There are other options, including a kiosk pay station where people put in their spot number and pay at the kiosk. Councilor Vincent Piccirilli said it might make sense to have a kiosk in the municipal lot behind CVS and smart meters for street parking.
The meters have many other features, Berling said, including letting the town know when the coins need to be emptied, when a meter is broken and even when a spot is filled.
Town officials can log onto a dashboard that shows that information, and other details such as when a payment was made and when the person left the spot.
“So when I call to complain about a ticket they can tell if I was telling the truth?” asked Councilor Susan Falkoff. Berling said, “Yes.”
Councilor Aaron Dushku said he is interested in the data that the meter system could provide. That way, the town can manage parking demand by increasing and decreasing the price of parking in different areas.
When a car leaves a spot, the meter will zero out, so there is no time remaining. This helps increase the amount of meter payments the town receives. Berling said accepting credit cards also tends to boost revenues, too.
“Most people max it out, pay the $2 (or maximum) and go on their way,” Berling said.
With the increased range of functions comes an increase in price. Installing nearly 400 meters would cost $55,000, said Town Treasurer Joseph Divito. The cost of using all the technology available is $12 per meter, which adds up to another $55,000, Divito said.
The town also loses some of the parking revenue when people use credit cards because there is a fee of 22-25 cents per transaction added by the credit companies, Divito said. It could also be passed on to users as a convenience fee.
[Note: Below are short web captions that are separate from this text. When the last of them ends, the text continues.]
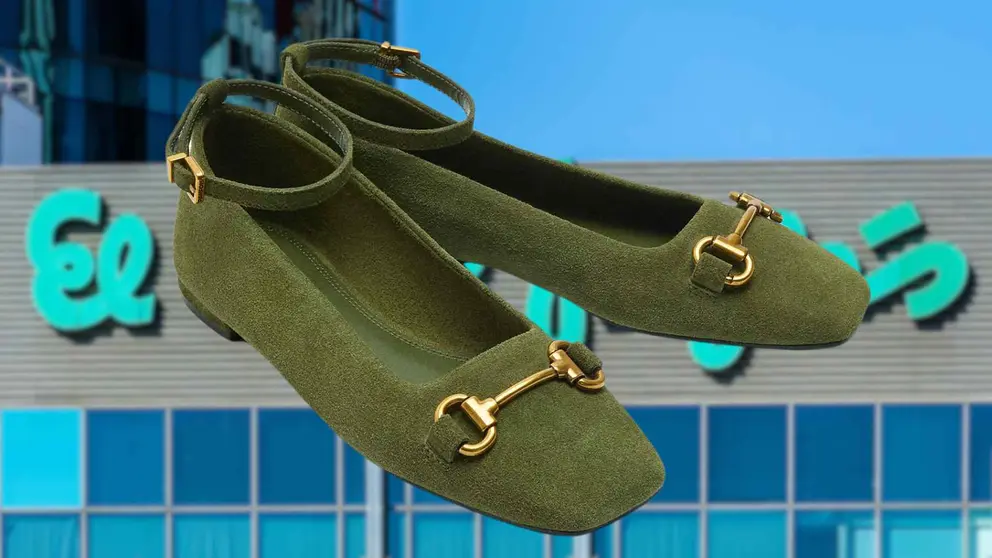 Bailarinas de piel con tira al tobillo y hebilla decorativa de El Corte Ingl&eacute;s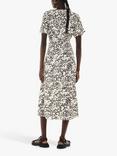 Whistles Dandelion Floral Midi Dress, Black/White
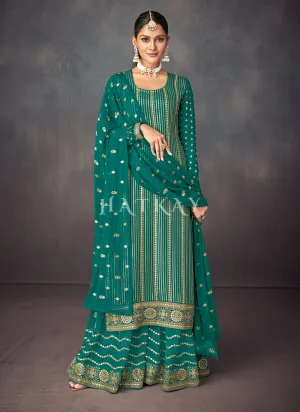 Sea Green Golden Embroidered Sharara Style Suit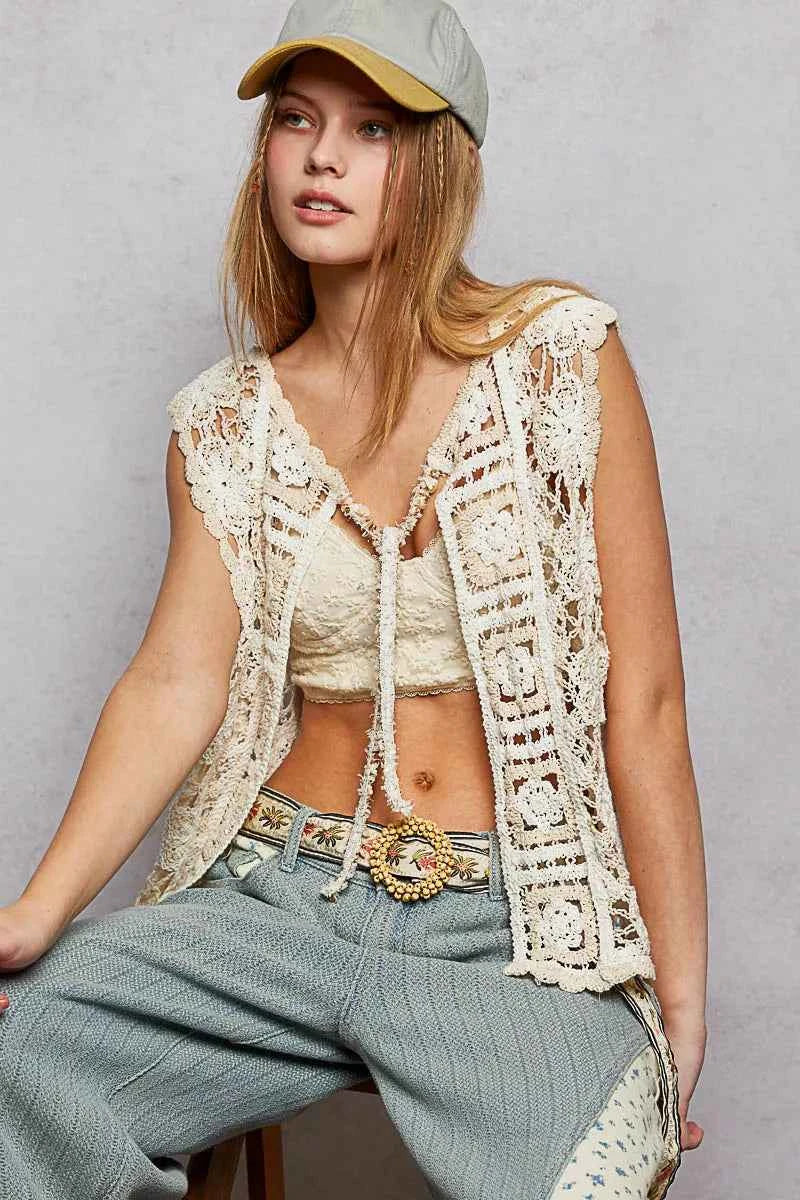POL Tie Front Floral Pattern Crochet Vest with Scalloped Edge NATURAL OFF WHITE One Size ef5559b2-725b-46ab-b3f7-37003f49e834-Max-Origin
Dushku acknowledged that the price of parking will have to rise to pay for the smart parking meters, but the town will get more out of them.
“We are not doing it for the money,” Dushku said. “We will set it up so we have data and can set new rates.”
Berling said there are ways of offering discounts, such as parking tokens sold at a lower rate, a smart parking card that can be recharged and people won’t be charged credit card fees. Falkoff noted that the town offers parking passes for seniors to parking in town lots, and said something would have to be figured to accommodate them.
The subcommittee voted to have the Treasurer and the Department of Public Works look further into smart meters and come back with a recommendation.